Do stock and bond markets care about impeachment? The short answer is “no.”
The stock market is preoccupied with the status of trade negotiations, at least as portrayed by the media, between the U.S. and China over a phase-one deal that would provide some tax relief to China in exchange for its commitment to increase purchases of U.S. agricultural products.
“Preoccupied” is probably too tame a word. “Obsessed” is more like it, with every intimation that an agreement is nearing conclusion or facing hurdles sending stock prices SPX, +0.47% DJIA, +0.53% soaring or tumbling.
News: Judiciary panel takes first steps toward Trump impeachment vote
The stock market — a blanket designation that encompasses participants in the market, be they human or algorithmic — is monitoring a key calendar date: Dec. 15. That’s when another round of tariffs on $160 billion of mostly consumer goods imports from China are slated to go into effect.
News stories on Tuesday suggested the tariffs could be delayed in the interest of securing even a modest trade agreement. But nothing is certain or final when it comes to trade with Tariff Man in charge.
Coup de grace
While Trump has warned that impeachment will deliver a death knell to the stock market, there is little evidence that the process over the last three months — from investigations to hearings to the drafting of formal articles of impeachment — has had any observable effect on the U.S. stock market, which is near all-time highs.
Perhaps the stock market is reassured by the fact that Trump is as likely to be acquitted in a Senate trial as he is to be impeached by the House.
That said, we have limited historical precedent to go on. Trump is only the fourth president in the history of the United States to face impeachment. Andrew Johnson and Bill Clinton were impeached but not removed from office while Richard Nixon resigned before he could be impeached. (Impeachment was a near-certainty as he had lost the support of his own party.)
The stock market did stumble during the Nixon and Clinton impeachment investigations, but in both cases, there were other, arguably more significant forces buffeting both the economy and financial markets.
The 1973-1974 investigation into the break-in of the Democratic National Committee headquarters and Nixon cover-up coincided with the Arab oil embargo, soaring crude prices, and sharply rising inflation.
Clinton’s impeachment in 1998 shared the stage with the Russian debt crisis and near-collapse of mega hedge fund Long Term Capital Management.
Macro developments
While neither episode presents the kind of randomized controlled study preferred by the hard sciences, it seems safe to conclude that macroeconomic developments, not impeachment, drove the market declines in those two instances. And Clinton’s impeachment ushered in one of the biggest bull markets in history, with the Nasdaq Composite Index COMP, +0.41% soaring 85% in 1999.

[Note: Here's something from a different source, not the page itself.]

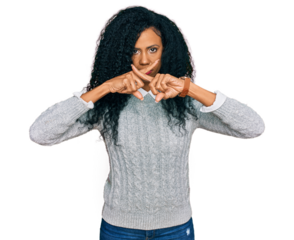 Middle age african american woman wearing casual clothes rejection expression crossing fingers doing negative sign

And as for the potential reversal of Trump’s corporate-friendly tax cuts, which goosed the stock market, the likelihood of his removal from office by the Senate is slim to none.
If, however, Trump’s impeachment were to change public perceptions — no sign of that just yet in opinion polls — and diminish his chances of re-election, the likelihood of a tax-friendly Elizabeth Warren or Bernie Sanders becoming president could filter through to market expectations and have a negative effect on stock prices.
As far as the bond market is concerned, the Federal Reserve, either actively or passively, wields control to a much greater extent than any developments in the political arena.
Long-term interest rates started to decline in late 2018 as the Fed was about to impose its fourth rate increase of the year. The yield on the Treasury’s 10-year note TMUBMUSD10Y, +2.27% peaked at 3.24% in November 2018 before plummeting to 1.47% in August of this year. The Fed got the message and delivered three consecutive, 25-basis-point rate cuts at its meetings in July, September and October.
The Fed, which concludes its two-day meeting on Wednesday, has indicated that it considers both the economy and its policy stance to be “in a good place.” It would take a “successive” and “persistent” rise in inflation to nudge the Fed to raise rates, according to Fed Chair Jerome Powell.
Similarly, it would require a significant weakening of the economy to propel the Fed to lower interest rates again, based on statements from various policy makers.
Tariffs
To be sure, the bond market responds to macroeconomic developments, so any additional tariffs that further disrupt global commerce, curtail manufacturing activity, constrain business investment, and depress growth might prompt a renewed decline in interest rates or expectations of additional rate cuts.
On Tuesday, the House of Representatives introduced two articles of impeachment charging the president with abuse of power and obstruction of Congress.
Markets are forward-looking, and we’re well past the “sell-by” date when it comes to impeachment.
In other words, if impeachment mattered to financial markets, the effect would have manifested itself in prices by now.